To read scripture is thus at the very least, to try to find our way through the tangle of passing history and eternal life. Every verse asks us to wonder whether we’ve determined what’s constant and what’s inconstant, what’s topologically invariant and what’s varyingly incidental in what we’re reading. Frankly, scripture is a mess. And it’s a mess God’s given us in place of pristine instruction and straightforward command, it’s as if God, no less in Mormonism than in any other religion, wants us to be struggling with the weave of history and eternity. At any rate, the God of Mormonism launched his restoration, to which I declare undying fidelity, with a book that only redoubles the problems of scripture. Not only is the Book of Mormon, like the Bible, a complex weave of the eternal and the historical, it’s explicitly so. Never pretending to be either the inerrant because transcendent word of God, or the fallible because of the imminent word of some identifiable human beings.
So what are we to do when reading scripture if it’s to be relevant to the religious life? The wager of my work you’ll find this in An Other Testament, in For Zion, in everything else I’ve written and that I’m writing and will write. The wager of my work is that the key to reading scripture is to begin from structure. Religious life has a structure, scripture too is deeply structural. I’m convinced that there’s a close relationship between the structures to be found in scripture and the structure that underpins good religious living.
How should we go about the work of repentance? Alma 36 bears a complicated structure, a chiastic frame focused on the problem of knowing God and then a type pattern of repeated instances of the words memory and thought displayed within that typeframe. A complicated structure that tells us more about what it is to repent and to do it well, sorry it tells us much about what it is to repent and to do it well.
How should we understand the significance of prophecy? Nephi’s quotations, adaptations, and discussions of Isaiah privileging certain Isianic texts, organizing them into distinct sequences, ensuring that commentary by one interpreter is balanced by another and so on. Nephi’s handling of Isaiah tells us much about what it is to grapple with prophecy. How are we to know when and how it’s right to rejoice? Abinadi’s sermon addresses this question by dividing a scriptural text he’s interested in into several parts that receive individual attention, making it clear what exactly it is that ultimately calls for rejoicing and what it is that ultimately calls for fear and trembling.
I’ve taken these examples from An Other Testament. I might just as well take examples from For Zion. When and how and why are we to hope, what is the meaning of covenant, what role should the Book of Mormon play in our devotions? What is the law of consecration? What is the right relationship to sustain to our possessions? What am I religiously bound to do in light of the restoration? But let me actually take up an example only partly connected with something I’ve written; I think it’ll illustrate what I’m after best.
I haven’t the time to spell out the structure of 1st Nephi in its entirety as I would’ve really liked. Let me say that it’s remarkably structured unmistakably with the intent to say something about the relationship between reading scripture, in Nephi’s case Isaiah, and experiencing the prophetic gift in Nephi’s case, his apocalyptic vision.

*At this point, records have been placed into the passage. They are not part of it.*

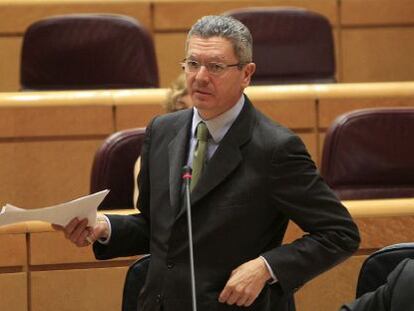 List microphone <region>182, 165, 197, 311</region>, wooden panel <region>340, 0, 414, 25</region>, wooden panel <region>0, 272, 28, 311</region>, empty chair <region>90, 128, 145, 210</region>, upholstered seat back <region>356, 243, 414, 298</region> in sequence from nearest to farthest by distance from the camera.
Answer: microphone <region>182, 165, 197, 311</region> → upholstered seat back <region>356, 243, 414, 298</region> → wooden panel <region>0, 272, 28, 311</region> → empty chair <region>90, 128, 145, 210</region> → wooden panel <region>340, 0, 414, 25</region>

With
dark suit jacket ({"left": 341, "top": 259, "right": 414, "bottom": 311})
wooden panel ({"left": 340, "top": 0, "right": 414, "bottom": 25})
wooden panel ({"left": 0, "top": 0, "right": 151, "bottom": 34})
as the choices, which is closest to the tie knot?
dark suit jacket ({"left": 341, "top": 259, "right": 414, "bottom": 311})

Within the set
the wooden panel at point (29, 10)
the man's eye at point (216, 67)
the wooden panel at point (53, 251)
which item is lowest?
the wooden panel at point (53, 251)

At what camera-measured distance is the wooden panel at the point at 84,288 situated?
4.61 ft

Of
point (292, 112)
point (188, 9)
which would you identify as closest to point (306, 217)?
point (292, 112)

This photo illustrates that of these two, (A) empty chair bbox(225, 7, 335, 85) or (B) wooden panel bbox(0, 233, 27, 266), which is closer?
(B) wooden panel bbox(0, 233, 27, 266)

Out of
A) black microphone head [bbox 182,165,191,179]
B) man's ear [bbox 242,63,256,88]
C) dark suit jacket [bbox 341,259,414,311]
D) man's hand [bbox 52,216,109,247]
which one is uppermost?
man's ear [bbox 242,63,256,88]

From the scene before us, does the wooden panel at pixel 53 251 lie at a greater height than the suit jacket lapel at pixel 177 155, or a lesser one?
lesser

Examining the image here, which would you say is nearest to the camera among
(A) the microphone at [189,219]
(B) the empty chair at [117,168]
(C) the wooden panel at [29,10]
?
(A) the microphone at [189,219]

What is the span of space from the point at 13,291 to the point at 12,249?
2.3 inches

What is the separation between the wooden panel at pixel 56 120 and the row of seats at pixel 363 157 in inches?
8.0

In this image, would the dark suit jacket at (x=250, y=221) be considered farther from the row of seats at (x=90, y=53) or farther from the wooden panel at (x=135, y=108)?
the row of seats at (x=90, y=53)

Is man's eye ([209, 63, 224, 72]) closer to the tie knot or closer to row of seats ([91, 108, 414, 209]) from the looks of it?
the tie knot

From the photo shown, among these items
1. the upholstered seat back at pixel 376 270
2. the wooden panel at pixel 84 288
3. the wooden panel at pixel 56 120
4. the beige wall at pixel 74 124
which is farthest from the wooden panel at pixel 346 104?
the upholstered seat back at pixel 376 270

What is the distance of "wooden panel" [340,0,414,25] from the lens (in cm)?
251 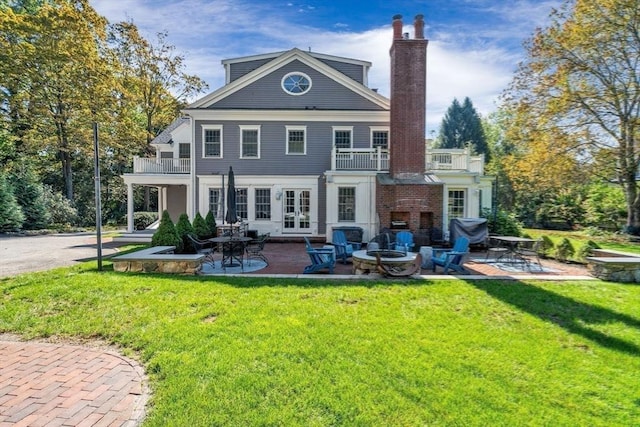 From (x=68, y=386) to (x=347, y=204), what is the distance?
12.3 metres

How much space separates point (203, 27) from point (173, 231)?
642cm

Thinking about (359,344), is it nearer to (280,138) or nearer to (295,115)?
(280,138)

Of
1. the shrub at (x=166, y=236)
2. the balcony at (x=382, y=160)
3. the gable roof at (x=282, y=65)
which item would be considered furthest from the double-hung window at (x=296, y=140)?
the shrub at (x=166, y=236)

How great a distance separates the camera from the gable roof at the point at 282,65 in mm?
16969

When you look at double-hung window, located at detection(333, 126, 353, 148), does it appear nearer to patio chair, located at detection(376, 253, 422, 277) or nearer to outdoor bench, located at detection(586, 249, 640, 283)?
patio chair, located at detection(376, 253, 422, 277)

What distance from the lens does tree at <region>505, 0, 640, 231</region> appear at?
1711 cm

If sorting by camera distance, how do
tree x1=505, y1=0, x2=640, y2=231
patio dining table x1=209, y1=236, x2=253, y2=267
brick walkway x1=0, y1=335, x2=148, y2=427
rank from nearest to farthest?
brick walkway x1=0, y1=335, x2=148, y2=427
patio dining table x1=209, y1=236, x2=253, y2=267
tree x1=505, y1=0, x2=640, y2=231

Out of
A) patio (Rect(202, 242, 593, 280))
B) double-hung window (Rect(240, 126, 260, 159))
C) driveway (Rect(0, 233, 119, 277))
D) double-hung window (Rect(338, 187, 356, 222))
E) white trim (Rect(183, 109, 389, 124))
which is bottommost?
patio (Rect(202, 242, 593, 280))

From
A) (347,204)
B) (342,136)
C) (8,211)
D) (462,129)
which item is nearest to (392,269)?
(347,204)

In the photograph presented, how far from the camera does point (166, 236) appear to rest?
1043 centimetres

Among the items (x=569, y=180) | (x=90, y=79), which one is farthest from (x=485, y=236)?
(x=90, y=79)

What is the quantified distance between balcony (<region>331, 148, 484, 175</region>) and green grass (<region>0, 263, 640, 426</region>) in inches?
341

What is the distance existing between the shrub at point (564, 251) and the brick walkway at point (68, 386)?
38.9 ft

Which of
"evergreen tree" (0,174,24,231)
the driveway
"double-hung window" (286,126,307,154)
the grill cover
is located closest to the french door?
"double-hung window" (286,126,307,154) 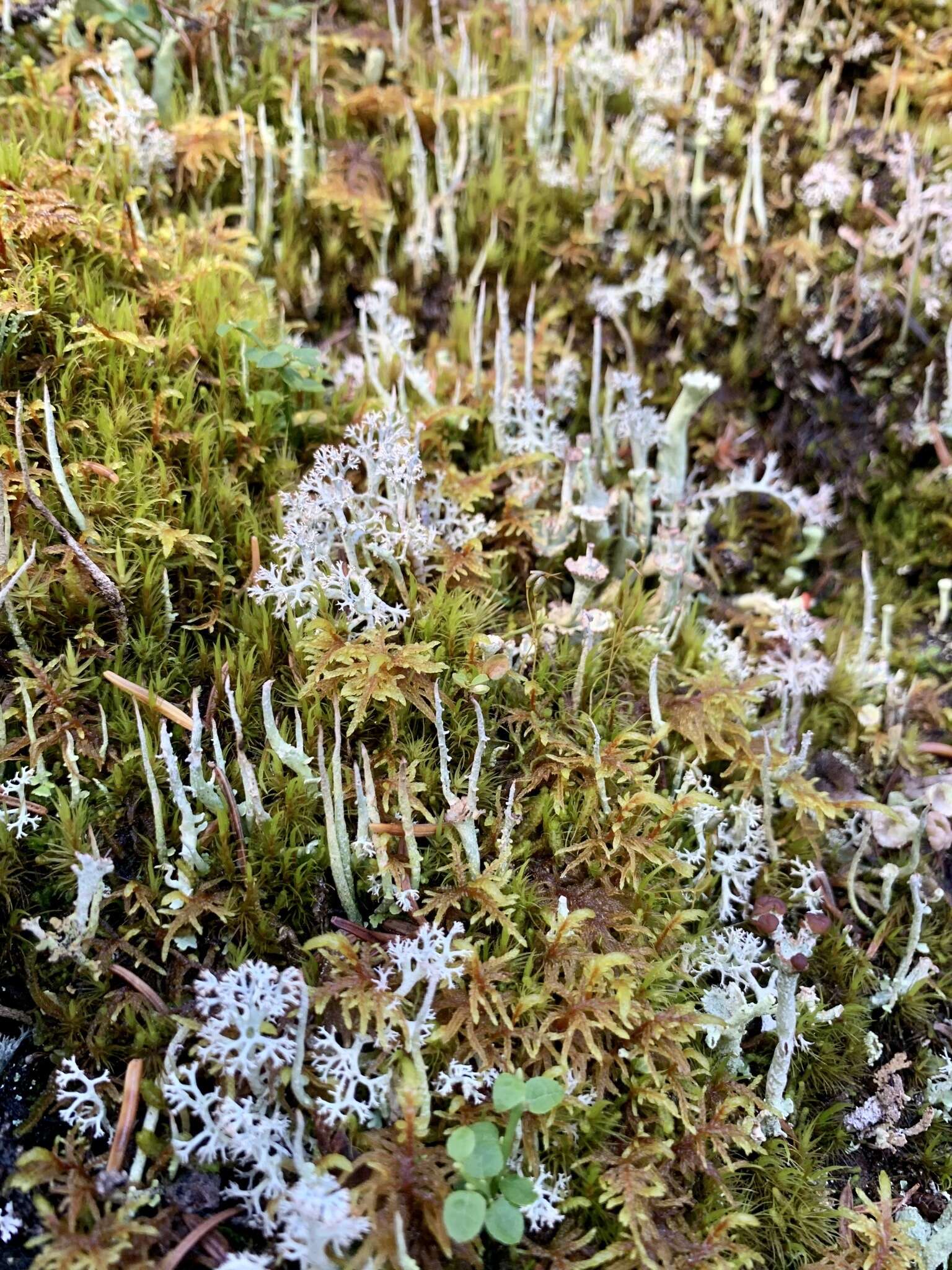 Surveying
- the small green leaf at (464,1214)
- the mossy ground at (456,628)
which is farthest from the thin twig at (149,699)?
the small green leaf at (464,1214)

Within that larger structure though, there are a couple smaller structures that have drawn my attention lately. The first half of 1st Nephi, what’s now 1st Nephi 1-9, was originally made up of two chapters, each opening and closing with crucial discussions of texts and records. What’s now 1st Nephi 1-5 opens with the story of Lehi being brought a book from heaven and closes with the story of Lehi being brought a book from Jerusalem, in each case the book inspiring him to prophecy. What’s now 1st Nephi 6-9 moreover opens with Nephi clarifying the relationship between his small plates and his father’s record and closes with Nephi clarifying the relationship between his small plates and his other record, the large plates.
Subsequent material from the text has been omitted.